In 2000 werd de Lissabon-strategie boven de doopvont gehouden. Deze Europese strategie had als doel om economische groei en tewerkstelling te realiseren gedurende de volgende tien jaren. 

Ondertussen is het decennium bijna voorbij en wordt er dus druk onderhandeld over de opvolger van de Lissabon–strategie, met aandacht voor een eco-efficiënte economie. Zo ging er vorige week in Luxemburg een Europese Raad van milieuministers door, onder leiding van Zweden dat momenteel het Europese voorzitterschap waarneemt.

Daar waar de Lissabon-strategie vooral over groei en jobs ging, stellen de onderhandelaars nu de vraag: welke groei en welk soort jobs willen we creëren? Als resultaat van die mentaliteitswijziging wordt nu gesteld dat groei en jobs moeten vloeien uit de transitie naar een eco-efficiënte economie. De transitie naar een eco-efficiënte economie is dus een opportuniteit voor Europa. Hier blijkt – alvast tussen de milieuministers – eensgezindheid over.

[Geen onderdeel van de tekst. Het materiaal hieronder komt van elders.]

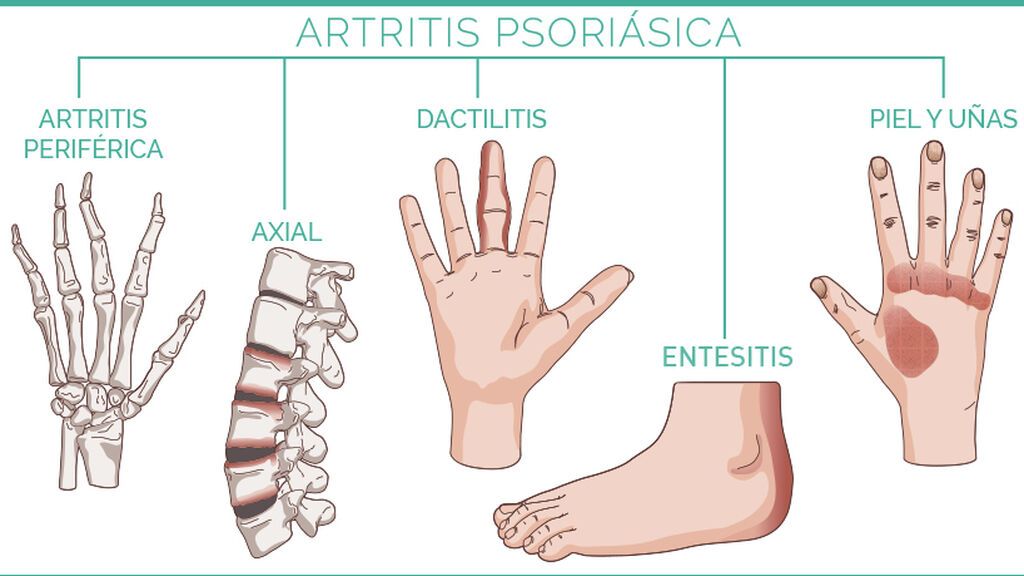 artritis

Een eco-efficiënte economie is een economie die het gebruik van energie en grondstoffen en de daaruit resulterende negatieve impact op mens en milieu reduceert. Dit moet leiden tot een absolute ontkoppeling tussen economische groei en degeneratie van het milieu. Zo wordt niet enkel gewerkt aan de klimaat –en biodiversiteituitdagingen, maar worden tegelijkertijd economische groei en jobs gerealiseerd.

 

Een belangrijke hefboom om dergelijke transitie te kunnen realiseren is fiscaliteit. Daar zijn de ministers het ook over eens. Ze zijn het zelfs eens dat een belasting op grondstoffen, energie en zaken die resulteren in een negatieve milieu-impact beter is dan lasten op arbeid.

De eensgezindheid eindigt echter, wanneer ze de doelstellingen proberen in praktijk te brengen: welke fiscale middelen dienen nu ingezet te worden, en hoe? Om op Europees niveau bepaalde fiscale veranderingen door te voeren is er unanimiteit vereist onder de lidstaten. In praktijk betekent dit dus dat er niets gebeurt: er is altijd wel een dwarsligger te vinden...

Vandaar dat de ministers nu kijken naar marktgebaseerde initiatieven: kunnen hier alternatieve concepten worden ontwikkeld die een gelijkaardig resultaat opleveren? Geld is een machtige motivatie, en een gepaste mix van instrumenten is dan ook cruciaal voor het behalen van de doelstellingen.

De aanzet van de post-Lissabon-strategie is alvast positief te noemen. Milieu wordt niet langer als een bedreiging, maar als een sociaal-economische opportuniteit gezien. Na de woorden, nu nog de daden.